(Scraped caption text data)
:::::

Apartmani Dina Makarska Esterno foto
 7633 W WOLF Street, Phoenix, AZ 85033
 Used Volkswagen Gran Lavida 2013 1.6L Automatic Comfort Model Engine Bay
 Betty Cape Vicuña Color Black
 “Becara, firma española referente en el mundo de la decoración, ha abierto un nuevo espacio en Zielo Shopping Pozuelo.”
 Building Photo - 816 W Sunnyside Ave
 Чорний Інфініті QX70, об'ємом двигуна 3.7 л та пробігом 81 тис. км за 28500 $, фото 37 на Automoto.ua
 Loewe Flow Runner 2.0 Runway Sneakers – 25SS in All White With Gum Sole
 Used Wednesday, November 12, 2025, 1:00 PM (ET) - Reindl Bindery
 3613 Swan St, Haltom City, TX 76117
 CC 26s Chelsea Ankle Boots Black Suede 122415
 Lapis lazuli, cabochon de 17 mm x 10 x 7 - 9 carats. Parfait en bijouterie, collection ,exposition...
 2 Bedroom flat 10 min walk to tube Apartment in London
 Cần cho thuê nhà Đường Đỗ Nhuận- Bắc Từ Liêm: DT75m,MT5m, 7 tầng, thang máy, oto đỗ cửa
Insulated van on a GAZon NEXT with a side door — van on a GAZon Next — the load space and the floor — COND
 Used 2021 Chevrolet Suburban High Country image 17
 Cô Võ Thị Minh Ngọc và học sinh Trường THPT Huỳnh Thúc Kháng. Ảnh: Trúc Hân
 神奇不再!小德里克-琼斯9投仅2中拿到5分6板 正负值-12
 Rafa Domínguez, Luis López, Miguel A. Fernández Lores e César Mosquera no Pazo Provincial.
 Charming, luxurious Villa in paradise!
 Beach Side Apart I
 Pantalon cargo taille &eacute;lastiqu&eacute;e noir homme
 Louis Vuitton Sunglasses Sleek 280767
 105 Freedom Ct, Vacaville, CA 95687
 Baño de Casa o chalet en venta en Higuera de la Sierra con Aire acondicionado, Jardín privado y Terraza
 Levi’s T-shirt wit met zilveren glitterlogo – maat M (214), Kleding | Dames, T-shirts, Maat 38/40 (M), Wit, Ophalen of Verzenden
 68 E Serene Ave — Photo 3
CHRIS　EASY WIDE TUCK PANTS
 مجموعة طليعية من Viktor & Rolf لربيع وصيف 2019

:::::

## Task description
Only the last part of the entries above is needed: please copy the line with "CC 26s Chelsea" and each line after it exactly.

## Solution
 CC 26s Chelsea Ankle Boots Black Suede 122415
 Lapis lazuli, cabochon de 17 mm x 10 x 7 - 9 carats. Parfait en bijouterie, collection ,exposition...
 2 Bedroom flat 10 min walk to tube Apartment in London
 Cần cho thuê nhà Đường Đỗ Nhuận- Bắc Từ Liêm: DT75m,MT5m, 7 tầng, thang máy, oto đỗ cửa
Insulated van on a GAZon NEXT with a side door — van on a GAZon Next — the load space and the floor — COND
 Used 2021 Chevrolet Suburban High Country image 17
 Cô Võ Thị Minh Ngọc và học sinh Trường THPT Huỳnh Thúc Kháng. Ảnh: Trúc Hân
 神奇不再!小德里克-琼斯9投仅2中拿到5分6板 正负值-12
 Rafa Domínguez, Luis López, Miguel A. Fernández Lores e César Mosquera no Pazo Provincial.
 Charming, luxurious Villa in paradise!
 Beach Side Apart I
 Pantalon cargo taille &eacute;lastiqu&eacute;e noir homme
 Louis Vuitton Sunglasses Sleek 280767
 105 Freedom Ct, Vacaville, CA 95687
 Baño de Casa o chalet en venta en Higuera de la Sierra con Aire acondicionado, Jardín privado y Terraza
 Levi’s T-shirt wit met zilveren glitterlogo – maat M (214), Kleding | Dames, T-shirts, Maat 38/40 (M), Wit, Ophalen of Verzenden
 68 E Serene Ave — Photo 3
CHRIS　EASY WIDE TUCK PANTS
 مجموعة طليعية من Viktor & Rolf لربيع وصيف 2019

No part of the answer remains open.